The Kenyan parliament has published a Startup Bill in its National Gazette. Among several interesting provisions, the government wants to create a number of incentives for startups as well as protection for intellectual property.
The Startup Bill 2020 is sponsored by the Nairobi County Senator, Johnson Sakaja, and provides a framework for the development of innovative entrepreneurship, the establishment of incubation hubs, and for building a network of local and foreign investors.
With this in the works, Kenya looks set to follow the likes of Tunisia and Senegal in enacting a Startup Act. It will also be the third East African nation, after Rwanda and Ethiopia, that is working on a Startup Act.
Other countries — Mali, Ghana, Ivory Coast, the Democratic Republic of the Congo (DRC) are reportedly working to implement their respective Acts this year.
Like Tunisia and Senegal, Kenya’s Startup Bill has a number of progressive policies and interesting incentives, but when put against its previous policies, there’s reason to be cautious.
The Kenyan government wants to introduce intellectual property protection for startup innovation and also aid the registration of international patents.
Intellectual property rights have long been a major cause for worry across most African countries. As revealed in our previous piece, there’s a lacuna when it comes to IP laws, lawyers, courts, and even judges to handle cases of intellectual property theft.
According to PricewaterhouseCoopers (PwC), there’s a positive correlation between countries with strong IP laws, and economic growth and innovation.
In what seems to be an exhaustive process, the Startup Act also seeks to create startup incubation programmes at both county and national levels through a partnership with local and international business incubators.
The national and county governments are to promote the linkages between universities and research institutions, and the business community.
A registrar of startups will be recruited by the Public Service Commission of Kenya and appointed by the Kenya National Innovation Agency to register startups that will enter these incubators.
Other incentives for startups
The Act is currently proposing a number of incentives for startups which include plans to:
- Subsidise the formalisation of startups
- Provide fiscal and non-fiscal support to startups admitted into incubation programmes under this Act
- Provide support in the form of research and development activities; and provide such other support to enable the development and growth of startups registered under this Act.
Startups that stand to benefit
Startups to be registered under the proposed Act must be registered as a company in Kenya.

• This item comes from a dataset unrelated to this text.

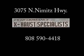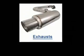Performance Exhaust Specialist, located at 3075 NMH, wants to see your face in a place for the radio and TV special.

The Act also states that it must
- have its headquarters in Kenya
- be majority-owned by one or more citizens of Kenya
- at least fifteen per cent of the entity’s expenses can be attributed to research and development activities
- is a holder, depositary or licensee of a registered patent or the owner and author of registered software.
This policy is similar to its current ICT policy which states that Kenyans must have at least 30% ownership in a startup. This time, no percentage is given, just a definitive statement that Kenyans must have the highest equity share in a startup.
Why this is important
Before this move, none of Africa’s biggest regional markets and tech hubs — Egypt, Kenya, Nigeria, and South Africa — had moved to create a bespoke law for startups.
In Nigeria, for example, regulations for startups come from different bodies, and in some cases, startups have to self-regulate by adapting existing laws to fit their current business model.
As Titi Akinsanmi, Policy and Government Relations Lead, West and Francophone Africa at Google, put it at Techpoint Build 2020, the fact that regulations keep having to catch up with innovation has both positive and negative side effects.
The negative side effects come to the fore if there is little or no deliberate engagement on the part of startups.
However, startups have to engage with regulators that are used to more traditional ways of doing business. Sometimes, startups can exploit loopholes, but more often than not, regulators do not always enact policies that promote innovation in a sector.
Kenya’s Startup Act is distinctly different as it mandates companies to have a majority Kenyan ownership.
While this seems like a move to protect local investment, it might represent an issue in fundraising considering the fact that most investments in African startups are from foreign sources.
It remains to be seen if this policy encourages more local investors, or brings unwanted friction to Kenya’s thriving tech ecosystem. More stories are still to come.